According to the Pakistan daily, the IMF had also projected that the GDP growth rate would rebound in the next fiscal 2023-24 up to 4.4 per cent.
Global growth is projected to fall from an estimated 3.4 per cent in 2022 to 2.9 per cent in 2023, then rise to 3.1 per cent in 2024, according to IMF's World Economic Outlook (WEO) released on Tuesday.
The rise in central bank rates to fight inflation and Russia's war in Ukraine continue to weigh on economic activity. The rapid spread of Covid-19 in China dampened growth in 2022, but the recent reopening has paved the way for a faster-than-expected recovery, reported The News International.
Global inflation is expected to fall from 8.8 per cent in 2022 to 6.6 per cent in 2023 and 4.3 per cent in 2024, still above pre-pandemic (2017-19) levels of about 3.5 per cent. The balance of risks remains tilted to the downside, but adverse risks have moderated since the October 2022 WEO.
On Tuesday, Pierre-Olivier Gourinchas, the chief economist of the IMF, said Pakistan is going to slow down, and that's partly the end of the stimulus from fiscal policy in 2022, according to the statement released on IMF's website.

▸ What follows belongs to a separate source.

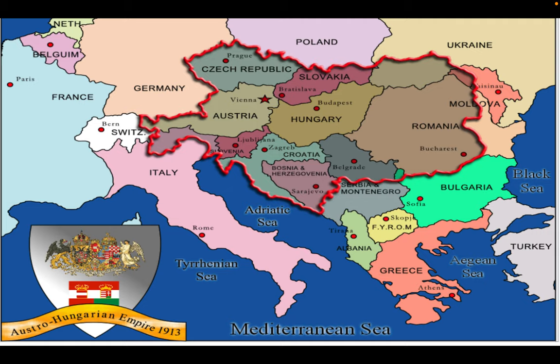This is a lecture video from the nationalism and revolution unit. We're going to focus on the multi-ethnic empires that were in place in Europe in the 1800s, the 19th century. There are two major ones: Austria-Hungary and the Ottoman Empire. To start, we're going to focus on Austria-Hungary.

Responding to a query regarding the bailout program negotiations with Pakistan, Gourinchas said, "Pakistan's economy is coming out of a very strong 2022 with 6 per cent growth, well above the world average. But in 2023, there will be a slowdown, and that's partly the end of the stimulus from fiscal policy in 2022. That's going away. And also because of the high inflation, the central bank has increased interest rates, which we see as an appropriate step, 17 per cent recently, the interest rates."
"That's going to cool domestic demand. And so we see a growth of 2 per cent in 2023. Unfortunately, we also had to downgrade the forecast growth for Pakistan by one and a half percentage points for 2023. And that's because of the floods, which was a terrible supply shock, both reducing activity, but also raising inflation and putting various pressures on the country. Inflation, therefore, went up because of this. We see inflation reaching about 21 per cent in 2023. This is also because of the exchange rate depreciation," he further stated.